Beginning with the line containing "Кражбите на желязо" and going on through the line containing "2015 Unicarriers CF40", the lines below are to be returned exactly, pictures excluded and nothing added.

## SUPPLIED MATERIAL
___

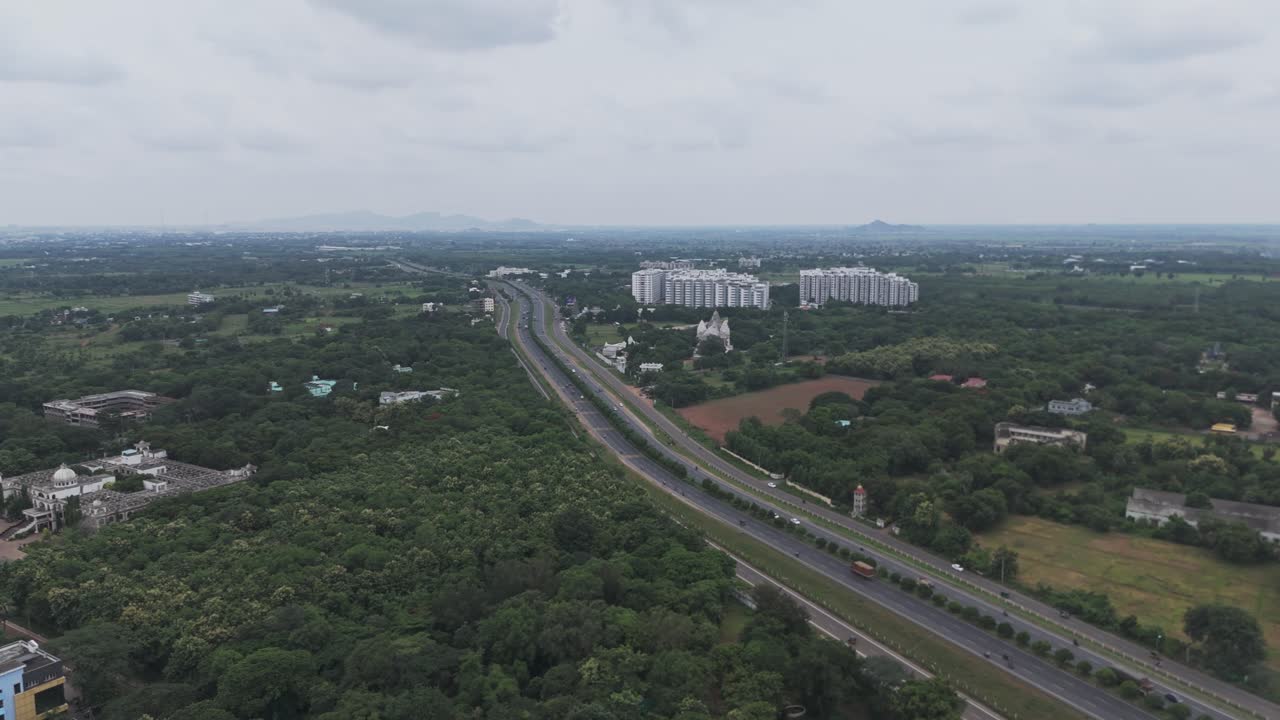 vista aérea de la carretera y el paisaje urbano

___

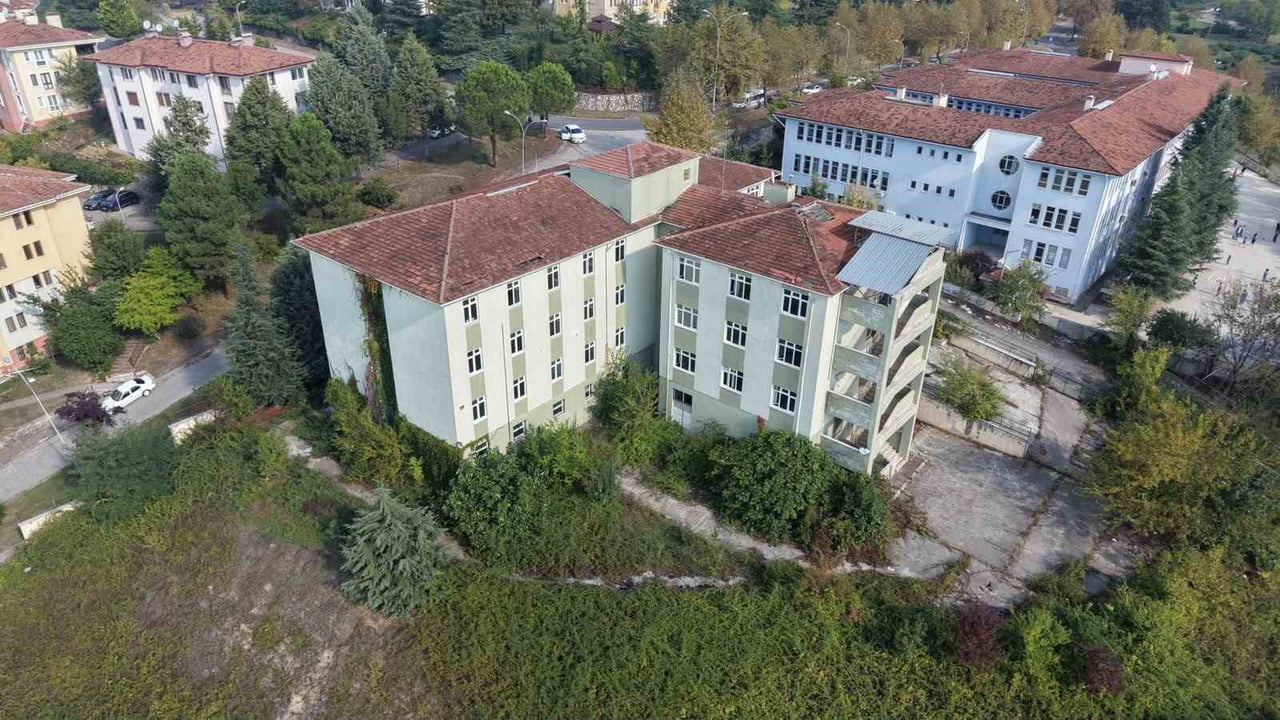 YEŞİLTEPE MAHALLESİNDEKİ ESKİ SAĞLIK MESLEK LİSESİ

___

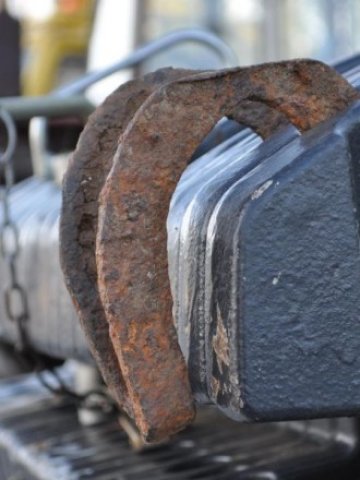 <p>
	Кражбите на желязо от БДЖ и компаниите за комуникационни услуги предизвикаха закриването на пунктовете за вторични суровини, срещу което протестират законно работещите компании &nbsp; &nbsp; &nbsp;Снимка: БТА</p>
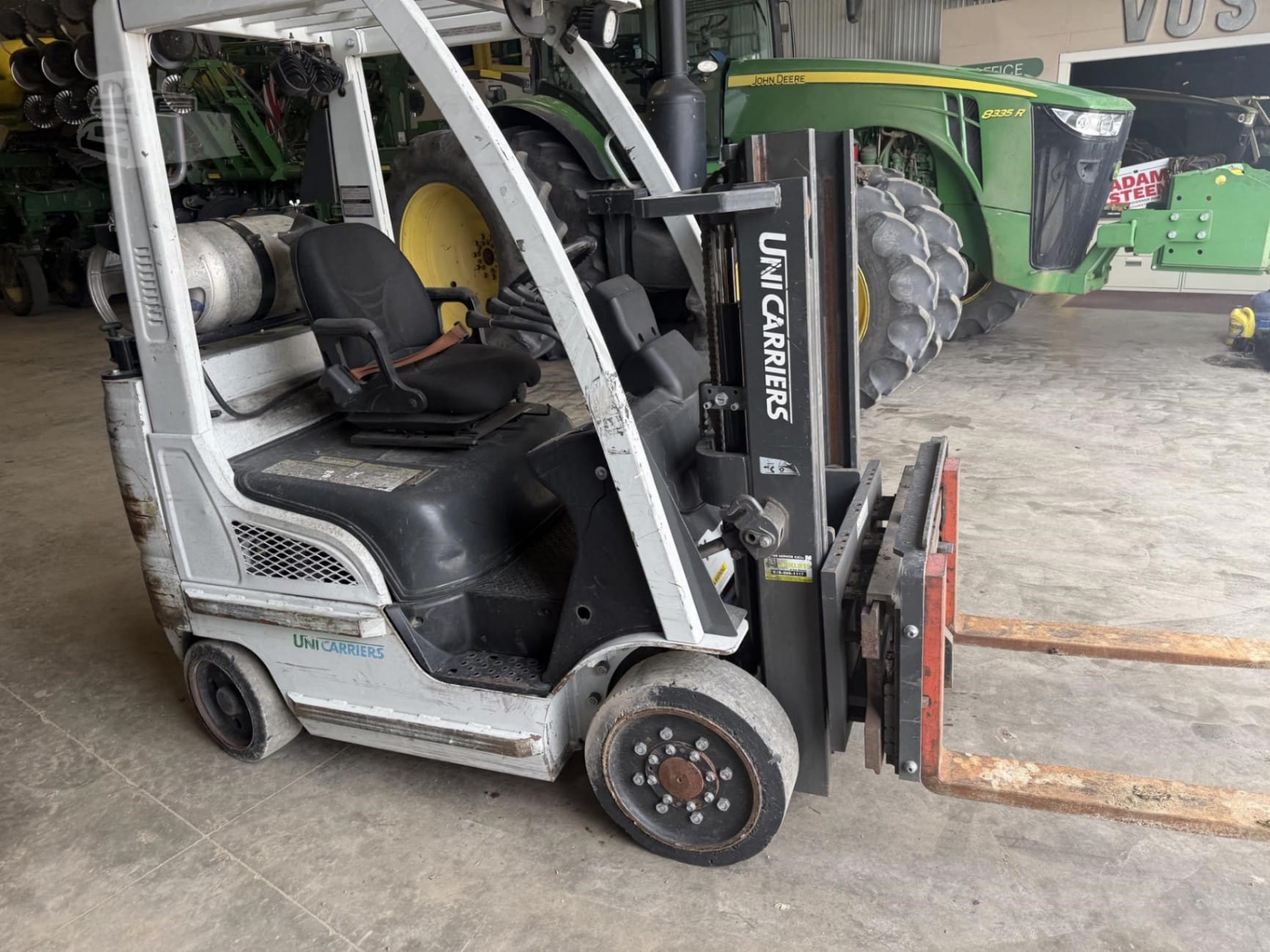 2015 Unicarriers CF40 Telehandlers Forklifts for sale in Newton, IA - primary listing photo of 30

___

## SOLVED PROBLEM
	Кражбите на желязо от БДЖ и компаниите за комуникационни услуги предизвикаха закриването на пунктовете за вторични суровини, срещу което протестират законно работещите компании &nbsp; &nbsp; &nbsp;Снимка: БТА</p>
 2015 Unicarriers CF40 Telehandlers Forklifts for sale in Newton, IA - primary listing photo of 30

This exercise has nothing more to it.